Apalagi kalau pandangan diarahkan ke area yang lebih luas.
Seperti yang saat ini terjadi. Mereka yang mengaku sebagai pendukung Jokowi-Ma'ruf Amin saat Pilpres tempo hari. Baik orang per orang, sekumpulan orang, maupun organisasi masa, dan partai politik, kedok mereka terbuka sedemikian nyata.
Pada mulanya mereka mengklaim ikhlas dan sukarela mendukung Jokowi untuk kembali menjadi Presiden RI. Alasannya karena Jokowi bla-bla-bla...
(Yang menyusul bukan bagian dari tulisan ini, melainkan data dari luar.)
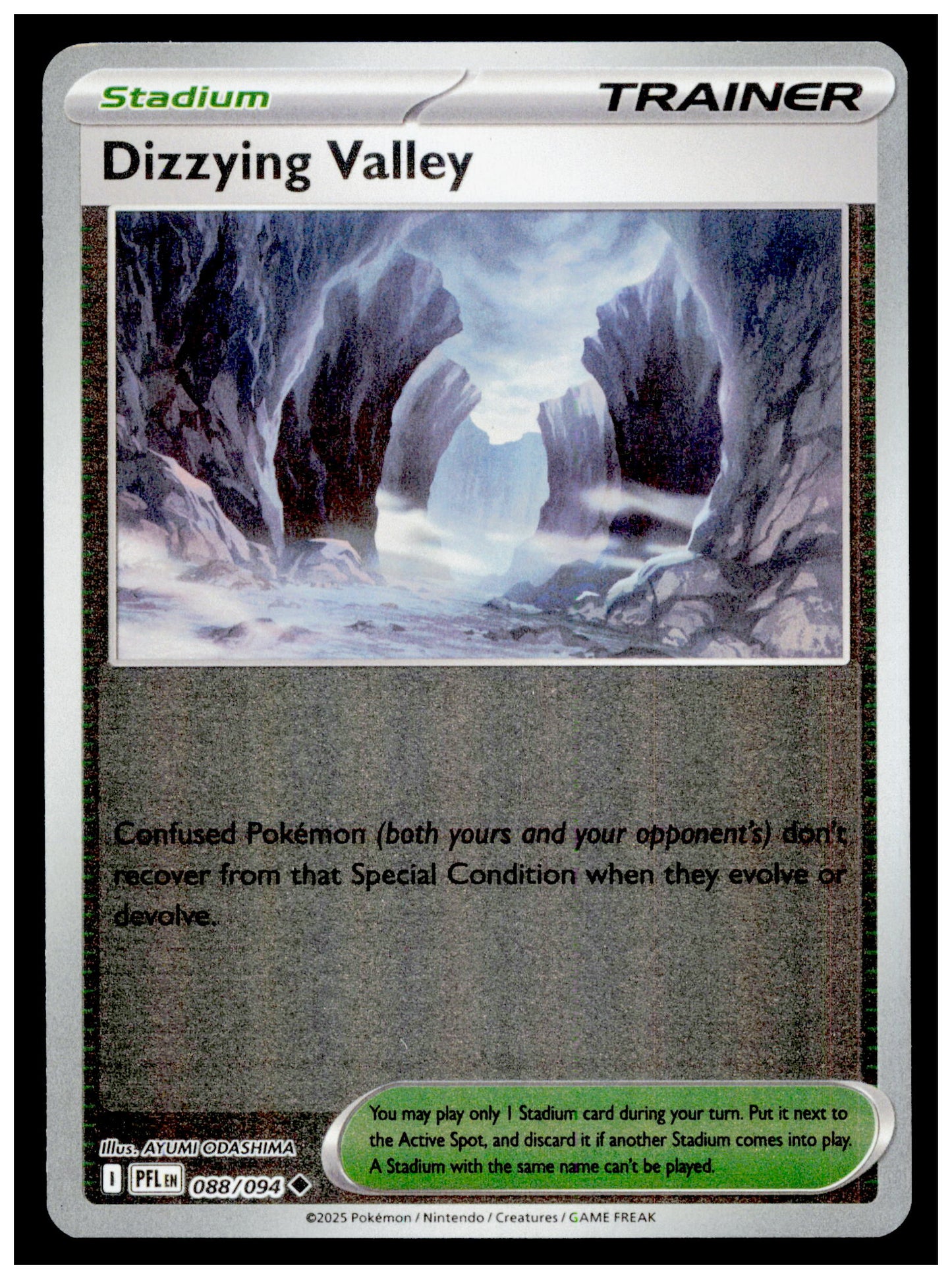 Pokemon Phantasmal Flames Dizzying Valley Card Uncommon,Reverse Holo #088/094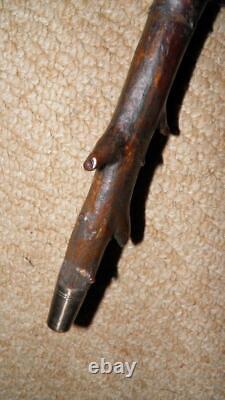 Antique Rustic Fruitwood Walking Stick Hand-Carved Faces Top & Shaft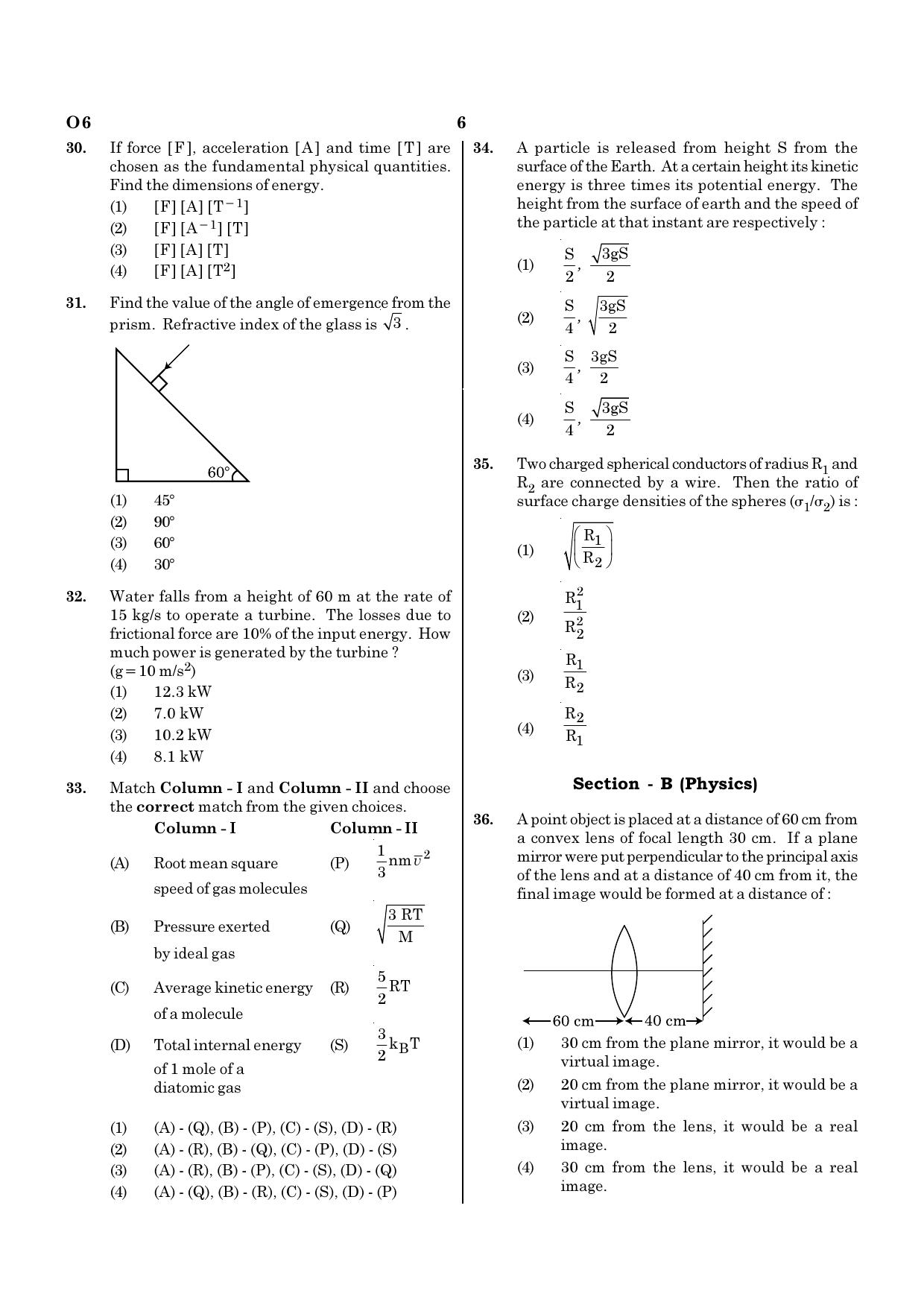NEET O6 2021 Question Paper - Page 6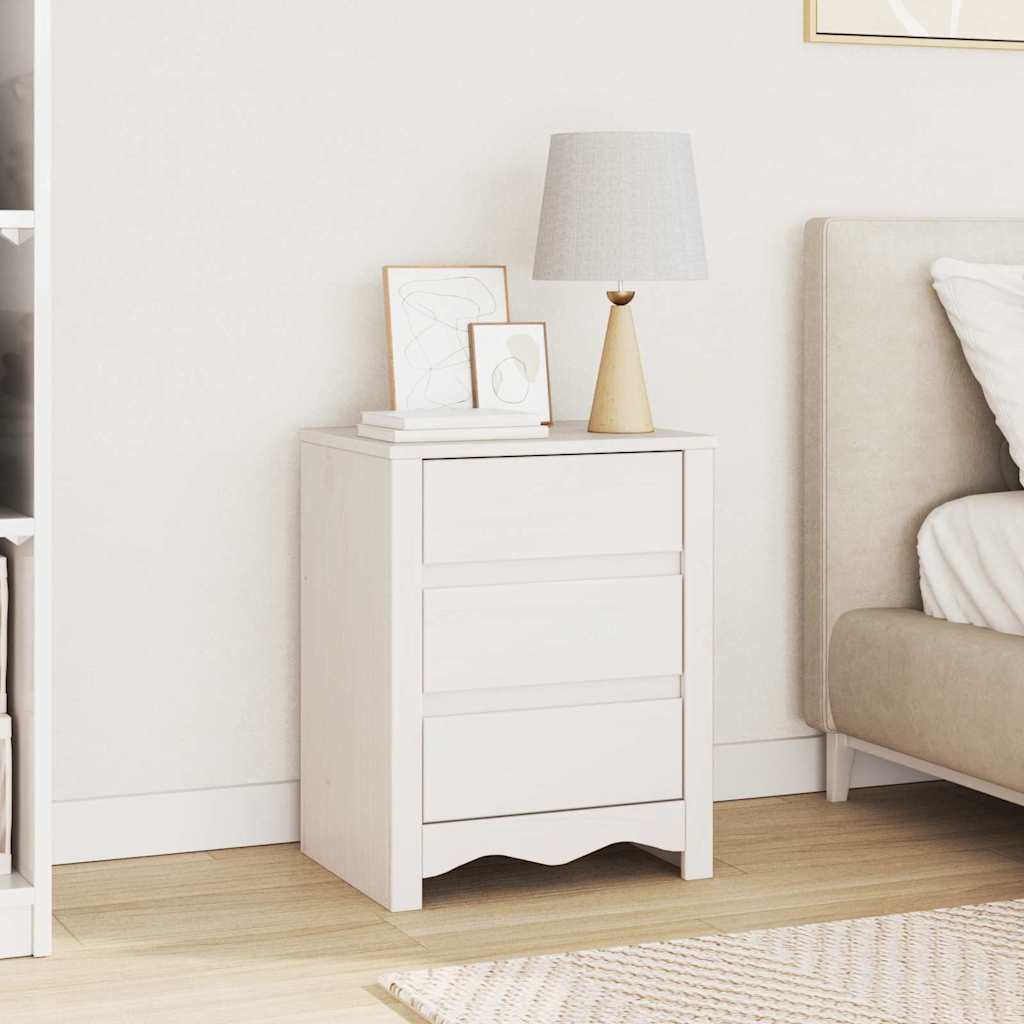Coffee Table Drammen White 45 x 35 x 56 cm Solid Pine Wood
Di saat Jokowi kembali meraih kemenangan, kemudian dilantik, dan mengumumkan susunan kabinetnya, maka yang tidak kebagian kursi pun ramai menyalak sedemikian nyaringnya. Bahkan ada juga yang bertingkah bak bocah yang tidak mendapat jatah permen dari ibunya.
Yupz. Pameo Tidak ada makan siang yang gratis pun memang tak dapat diingkari lagi. Tetap berlaku. Buktinya kalau sudah mendapat bagian, yang bersangkutan pun menggelendot jinak sambil menjilati kaki majikannya.
Terlebih lagi dengan mereka yang berseberangan. Mengkritik sampai tak ada habisnya. Bahkan sampai berteriak-teriak menyebar fitnah yang begitu keji. Tapi coba deh yang bersangkutan disodori sepiring nasi, eh kursi! Maka sudah tentu akan berubah menjadi herder yang paling setia.
Ternyata, oh ternyata  jabatan menteri adalah "cita-cita" akhir organisasi. Lalu ada jabatan yang ditradisikan menjadi "hak" atau milik organisasi.
Nah, ketika jabatan itu tidak ditawarkan atau diberikan kepada organisasi, maka tercetuslah kekagetan dan rasa kecewa melanda.
Padahal siapa pun sepakat bahwa jabatan adalah amanah.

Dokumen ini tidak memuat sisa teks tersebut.